In this article, we are going to discuss a face detection algorithm “Viola Jones Algorithm”.At the end of this article you’ll have enough knowledge to make a face and eye detector as shown below:
- What is face detection?
- What is Viola Jones algorithm?
- Using a Viola Jones Classifier to detect faces in a live webcam feed
What is face detection?
Object detection is one of the computer technologies that is connected to image processing and computer vision. It is concerned with detecting instances of an object such as human faces, buildings, trees, cars, etc. The primary aim of face detection algorithms is to determine whether there is any face in an image or not.
In recent years, we have seen significant advancement of technologies that can detect and recognise faces. Our mobile cameras are often equipped with such technology where we can see a box around the faces. Although there are quite advanced face detection algorithms, especially with the introduction of deep learning, the introduction of viola jones algorithm in 2001 was a breakthrough in this field. Now let us explore the viola jones algorithm in detail.
What is Viola Jones algorithm?
Viola Jones algorithm is named after two computer vision researchers who proposed the method in 2001, Paul Viola and Michael Jones in their paper, “Rapid Object Detection using a Boosted Cascade of Simple Features”. Despite being an outdated framework, Viola-Jones is quite powerful, and its application has proven to be exceptionally notable in real-time face detection. This algorithm is painfully slow to train but can detect faces in real-time with impressive speed.
Given an image(this algorithm works on grayscale image), the algorithm looks at many smaller subregions and tries to find a face by looking for specific features in each subregion. It needs to check many different positions and scales because an image can contain many faces of various sizes. Viola and Jones used Haar-like features to detect faces in this algorithm.

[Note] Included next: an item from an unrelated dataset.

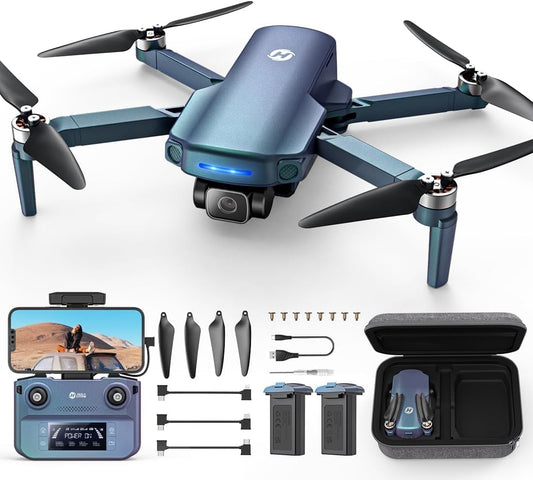 - Holy Stone GPS Drone With Camera | 4K | Foldable FPV RC Quadcopter -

The Viola Jones algorithm has four main steps, which we shall discuss in the sections to follow:
- Selecting Haar-like features
- Creating an integral image
- Running AdaBoost training
- Creating classifier cascades
What are Haar-Like Features?
In the 19th century a Hungarian mathematician, Alfred Haar gave the concepts of Haar wavelets, which are a sequence of rescaled “square-shaped” functions which together form a wavelet family or basis. Voila and Jones adapted the idea of using Haar wavelets and developed the so-called Haar-like features.
Haar-like features are digital image features used in object recognition. All human faces share some universal properties of the human face like the eyes region is darker than its neighbour pixels, and the nose region is brighter than the eye region.
A simple way to find out which region is lighter or darker is to sum up the pixel values of both regions and compare them. The sum of pixel values in the darker region will be smaller than the sum of pixels in the lighter region. If one side is lighter than the other, it may be an edge of an eyebrow or sometimes the middle portion may be shinier than the surrounding boxes, which can be interpreted as a nose This can be accomplished using Haar-like features and with the help of them, we can interpret the different parts of a face.
There are 3 types of Haar-like features that Viola and Jones identified in their research:
- Edge features
- Four-sided features
Edge features and Line features are useful for detecting edges and lines respectively. The four-sided features are used for finding diagonal features.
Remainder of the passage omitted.